The upcoming Territory Budget will allocate $850,000 to keep the $100 million Big Canberra Battery Project on track.
The much-touted project will be delivered in three “streams”, with the first phase to deliver a massive 250-megawatt battery (or perhaps batteries).
Construction is expected to start on that facility late next year.
Following an expression of interest process which closed in February this year, the government will go out to tender to selected companies next month.
It’s anticipated this large battery – much like the Hornsdale Power Reserve in South Australia – will need a site of up to two hectares.
The government will next month also go out to tender for a second stream of the project – 14 batteries to be installed at government sites such as schools in Fyshwick, Gungahlin, Belconnen, Chifley, Greenway, Kambah and Stromlo. Each of these batteries is small – up to one megawatt each.
The government says the second stream will not only reduce power used in government buildings but reduce the strain on the distribution network.
A final phase, which is still in the process of policy development, will deliver neighbourhood-scale batteries. These will likely sit in a park, for example, and will be used to soak up power in areas with lots of rooftop solar.
Once completed, the entire battery ecosystem will be able to provide power for around one-third of the ACT.
The large battery will be managed under a revenue-sharing arrangement where the government pays a fixed annual sum in exchange for a fixed percentage share of total project revenue from the provider.
The provider is, in turn, responsible for the facility’s control, management, operation and maintenance.
It’s hoped this will give the project more certainty and security.
The smaller batteries for stream two will likely be purchased from local companies.
Construction is already underway on large-scale batteries – one being built by Neoen in Beard and one by Global Power Generation in Queanbeyan.

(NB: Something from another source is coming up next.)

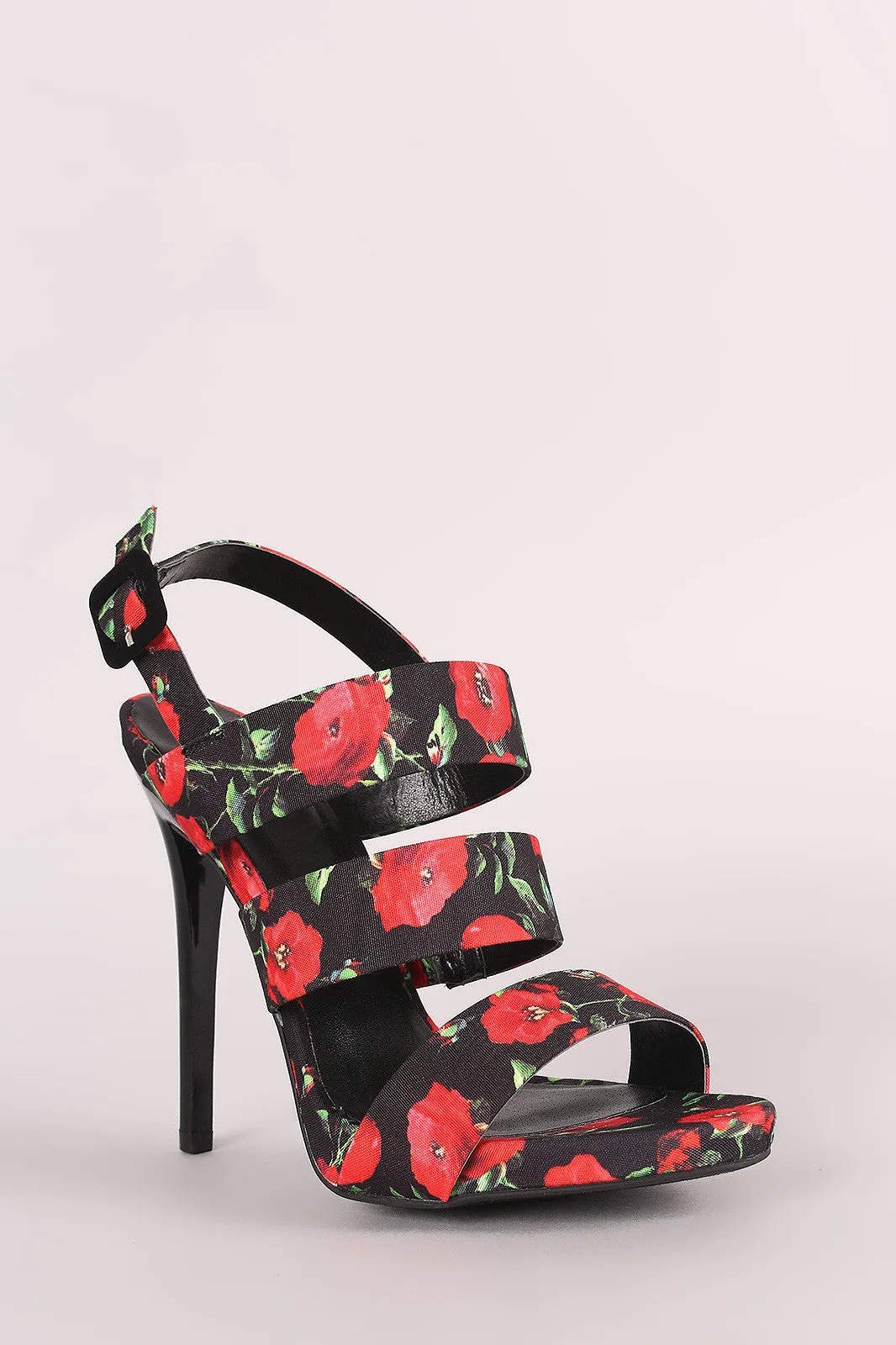 Qupid Floral Print Triple Band Slingback Stiletto Heel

These were previously announced following a reverse auction process.
The funding builds on the $100 million over five years allocated in the 2020-21 budget to the Big Canberra Battery Project.
According to the government, the project will increase network reliability by reducing pressure and congestion on the electricity grid.

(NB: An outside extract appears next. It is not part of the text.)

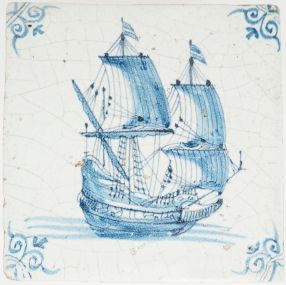 Antique Delft tile showing a war ship under sail, 17th century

It also forms a central part of the government’s climate change strategy and target of net-zero emissions by 2045.
Last week, the Territory government outlined a range of electric incentives, including the phase-out of internal combustion engine vehicles from 2035 onwards and a major overhaul of the car registration system from one based on weight to emissions instead.
Stamp duty exemptions on new electric vehicles will also be extended to second-hand electric cars and the government will make changes to planning rules to increase the prevalence of EV chargers around town.
As he unveiled the ACT’s full zero emissions vehicles strategy last Wednesday (20 July), Chief Minister Andrew Barr acknowledged an all-electric city would put pressure on the existing grid.
“[This issue] is the subject of work at the territory and national level,” he said.
“There are billions of dollars being invested in this. Bottom line is there will need to be, and there will be, more investment in our energy network.
“More batteries, more storage opportunities.”
Mr Barr said this would include large-scale government projects, batteries rolled out in government institutions like schools and community batteries, as well as individual household batteries.
The Chief Minister will hand down the Territory’s Budget on Tuesday, 2 August.